╔══

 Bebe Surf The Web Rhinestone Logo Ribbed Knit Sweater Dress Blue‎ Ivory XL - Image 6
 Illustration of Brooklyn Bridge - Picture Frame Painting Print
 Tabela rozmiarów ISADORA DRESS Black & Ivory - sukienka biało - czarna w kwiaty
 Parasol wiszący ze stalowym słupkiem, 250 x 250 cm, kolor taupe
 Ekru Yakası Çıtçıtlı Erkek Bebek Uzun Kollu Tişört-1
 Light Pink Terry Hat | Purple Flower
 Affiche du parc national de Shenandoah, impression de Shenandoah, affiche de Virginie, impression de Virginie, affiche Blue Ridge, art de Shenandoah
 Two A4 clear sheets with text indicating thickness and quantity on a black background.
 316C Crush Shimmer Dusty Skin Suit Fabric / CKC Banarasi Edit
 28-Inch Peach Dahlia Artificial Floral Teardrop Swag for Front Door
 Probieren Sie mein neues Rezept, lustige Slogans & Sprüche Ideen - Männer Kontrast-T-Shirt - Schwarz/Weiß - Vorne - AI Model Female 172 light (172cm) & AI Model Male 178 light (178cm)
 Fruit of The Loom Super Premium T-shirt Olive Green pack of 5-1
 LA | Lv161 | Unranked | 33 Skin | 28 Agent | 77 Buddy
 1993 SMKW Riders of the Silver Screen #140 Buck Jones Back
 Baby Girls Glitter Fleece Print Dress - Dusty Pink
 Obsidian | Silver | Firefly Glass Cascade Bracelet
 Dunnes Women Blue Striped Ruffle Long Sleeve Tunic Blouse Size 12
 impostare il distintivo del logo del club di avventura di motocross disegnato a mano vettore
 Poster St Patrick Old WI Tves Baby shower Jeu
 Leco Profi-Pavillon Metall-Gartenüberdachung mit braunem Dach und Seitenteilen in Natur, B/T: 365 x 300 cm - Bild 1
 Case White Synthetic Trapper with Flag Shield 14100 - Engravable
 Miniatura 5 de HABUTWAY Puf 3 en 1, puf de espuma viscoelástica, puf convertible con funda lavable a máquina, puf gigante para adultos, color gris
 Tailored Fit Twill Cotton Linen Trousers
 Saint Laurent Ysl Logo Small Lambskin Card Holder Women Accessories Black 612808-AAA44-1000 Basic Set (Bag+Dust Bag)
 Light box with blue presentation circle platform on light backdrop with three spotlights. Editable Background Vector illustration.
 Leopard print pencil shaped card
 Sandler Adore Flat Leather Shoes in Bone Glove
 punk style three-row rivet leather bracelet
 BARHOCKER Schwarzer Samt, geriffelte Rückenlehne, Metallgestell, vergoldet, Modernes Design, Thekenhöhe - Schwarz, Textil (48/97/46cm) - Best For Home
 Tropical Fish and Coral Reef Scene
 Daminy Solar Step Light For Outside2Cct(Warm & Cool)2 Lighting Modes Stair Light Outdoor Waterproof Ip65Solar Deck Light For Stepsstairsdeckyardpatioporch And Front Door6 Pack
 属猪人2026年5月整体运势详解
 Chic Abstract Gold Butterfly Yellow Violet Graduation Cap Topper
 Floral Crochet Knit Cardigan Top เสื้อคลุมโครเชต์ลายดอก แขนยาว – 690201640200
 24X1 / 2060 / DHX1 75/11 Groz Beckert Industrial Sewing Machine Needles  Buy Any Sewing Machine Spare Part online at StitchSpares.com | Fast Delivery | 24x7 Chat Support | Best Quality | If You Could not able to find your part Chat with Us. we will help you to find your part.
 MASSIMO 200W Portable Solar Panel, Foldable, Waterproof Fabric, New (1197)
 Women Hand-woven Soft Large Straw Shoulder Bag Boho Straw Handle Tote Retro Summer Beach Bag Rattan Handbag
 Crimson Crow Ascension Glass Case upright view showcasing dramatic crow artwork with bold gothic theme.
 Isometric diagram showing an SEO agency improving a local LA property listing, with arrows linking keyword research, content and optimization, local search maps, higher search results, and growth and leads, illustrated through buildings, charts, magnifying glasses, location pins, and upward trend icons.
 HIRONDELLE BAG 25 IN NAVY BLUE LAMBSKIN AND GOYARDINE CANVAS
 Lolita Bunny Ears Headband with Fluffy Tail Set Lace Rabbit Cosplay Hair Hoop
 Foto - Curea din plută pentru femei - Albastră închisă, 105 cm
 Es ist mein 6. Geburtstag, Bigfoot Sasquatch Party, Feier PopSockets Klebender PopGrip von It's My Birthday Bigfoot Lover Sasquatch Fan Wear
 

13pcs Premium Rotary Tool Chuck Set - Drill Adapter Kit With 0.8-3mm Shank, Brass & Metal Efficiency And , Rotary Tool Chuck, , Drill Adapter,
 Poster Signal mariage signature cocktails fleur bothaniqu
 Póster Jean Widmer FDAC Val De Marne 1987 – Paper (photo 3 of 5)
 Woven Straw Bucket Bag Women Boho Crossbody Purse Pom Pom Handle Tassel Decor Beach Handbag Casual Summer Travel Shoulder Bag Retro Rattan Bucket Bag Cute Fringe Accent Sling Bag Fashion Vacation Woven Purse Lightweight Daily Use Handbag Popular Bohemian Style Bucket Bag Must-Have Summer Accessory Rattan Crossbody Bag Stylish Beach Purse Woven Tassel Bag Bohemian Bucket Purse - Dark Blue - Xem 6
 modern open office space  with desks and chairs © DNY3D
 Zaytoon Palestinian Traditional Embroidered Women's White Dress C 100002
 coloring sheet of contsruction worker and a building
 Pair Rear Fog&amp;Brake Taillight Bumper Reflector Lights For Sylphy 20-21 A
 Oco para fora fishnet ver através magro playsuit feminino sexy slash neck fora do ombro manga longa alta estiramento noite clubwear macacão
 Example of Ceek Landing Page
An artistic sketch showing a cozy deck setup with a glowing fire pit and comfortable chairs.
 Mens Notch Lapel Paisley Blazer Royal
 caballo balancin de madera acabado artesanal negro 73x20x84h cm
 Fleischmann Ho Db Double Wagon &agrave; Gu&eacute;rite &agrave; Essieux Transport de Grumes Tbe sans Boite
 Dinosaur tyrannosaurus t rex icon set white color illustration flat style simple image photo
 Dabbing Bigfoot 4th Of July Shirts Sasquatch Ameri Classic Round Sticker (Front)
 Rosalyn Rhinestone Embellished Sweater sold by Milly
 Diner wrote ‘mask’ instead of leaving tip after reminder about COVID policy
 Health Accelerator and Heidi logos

╚══

Your answer should be every line above that contains the word "Baby".

§ **Finished exercise**:
 Baby Girls Glitter Fleece Print Dress - Dusty Pink
 Poster St Patrick Old WI Tves Baby shower Jeu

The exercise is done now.